He looked deeply into the doctor's eyes, searching for a glimmer of hope, but Rabbi Adin Steinsaltz found none.
"Operating on your spleen would be like playing Russian roulette," the doctor explained. "I'm not willing to take that risk, and I don't think you should either."
Rabbi Steinsaltz stroked his scraggly red beard and gazed out the window. After several minutes, the doctor spoke again.
"Rabbi, did you hear? It's too dangerous to operate."
"Yes, I heard you." Although Steinsaltz was sitting in the doctor's office, his mind- which TIME Magazine described as an intellect that appears only once every millenium-was wrestling with a difficult section of Gemara. Since 1965, Rabbi Steinsaltz's dream of translating the Babylonian Talmud into Modern Hebrew, and writing a commentary on all 63 tractates had consumed him. He refused to allow his declining health to interfere with his goal: helping people understand the Talmud.
"Do you agree with the American doctors who said my spleen might heal itself?" he whispered.
"No, rabbi. You have a genetic disease, which might return even if we risk removing your spleen." The doctor's pessimism hung in the air, but Rabbi Steinsaltz chose to ignore it.

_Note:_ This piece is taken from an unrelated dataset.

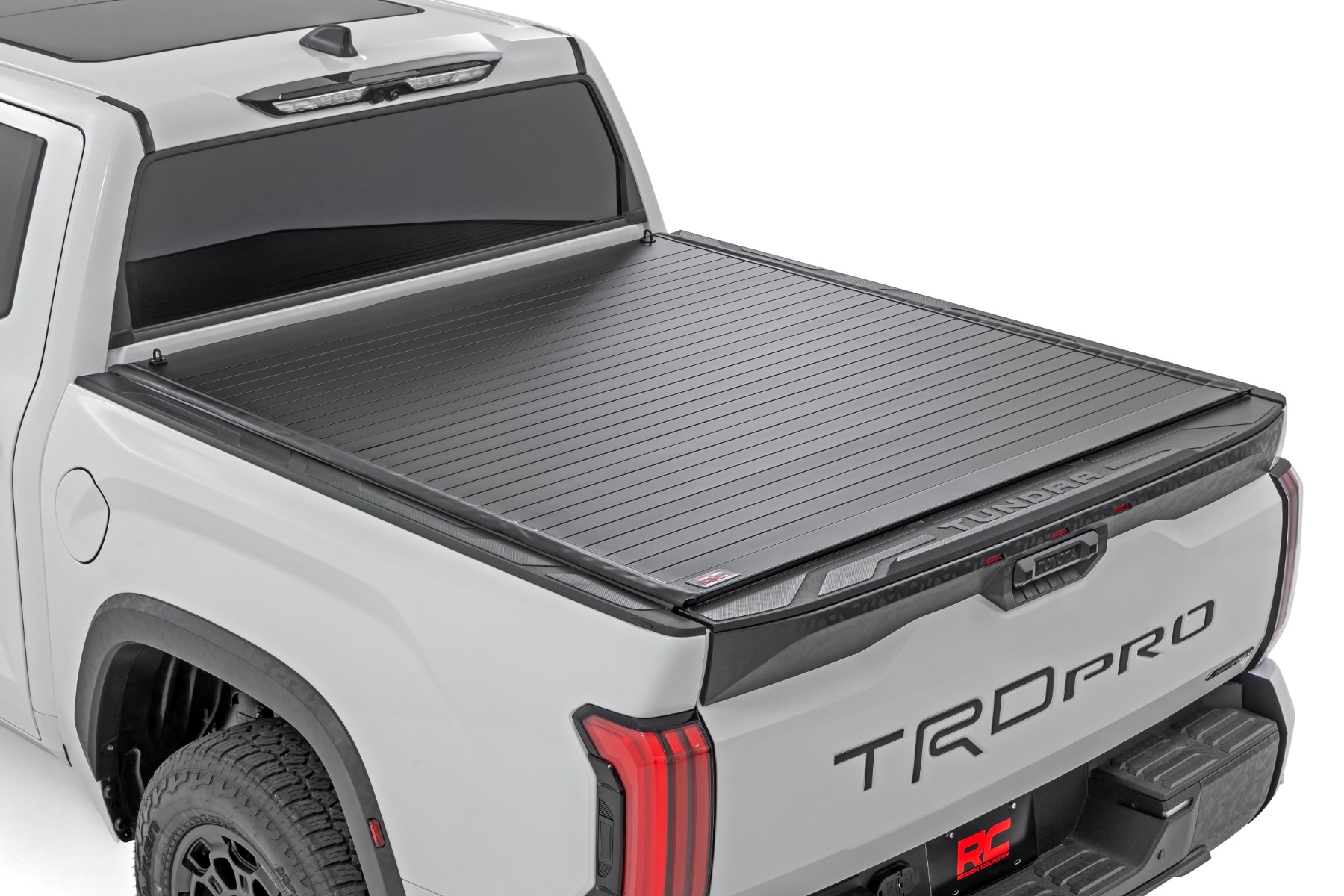 Rough Country Hard Roll Up Bed Cover 5’7″ Bed Toyota Tundra 2WD/4WD (2022-2026)
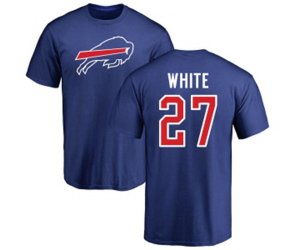 Buffalo Bills #27 Tre\'Davious White Royal Blue Name & Number Logo T-Shirt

"Thank you," he said graciously as he stood to leave. But before he reached the doorway, Rabbi Steinsaltz stopped and smiled to himself; the solution to the difficult text had crystallized in his mind.
"Is there something else?" the doctor asked.
"Yes," the rabbi laughed, "about 38 more volumes to translate and explain."
Rabbi Adin Steinsaltz had surgery on his spleen and recovered nicely. He has now completed 38 volumes of his incredible undertaking, a feat not achieved since Rashi, 900 years ago.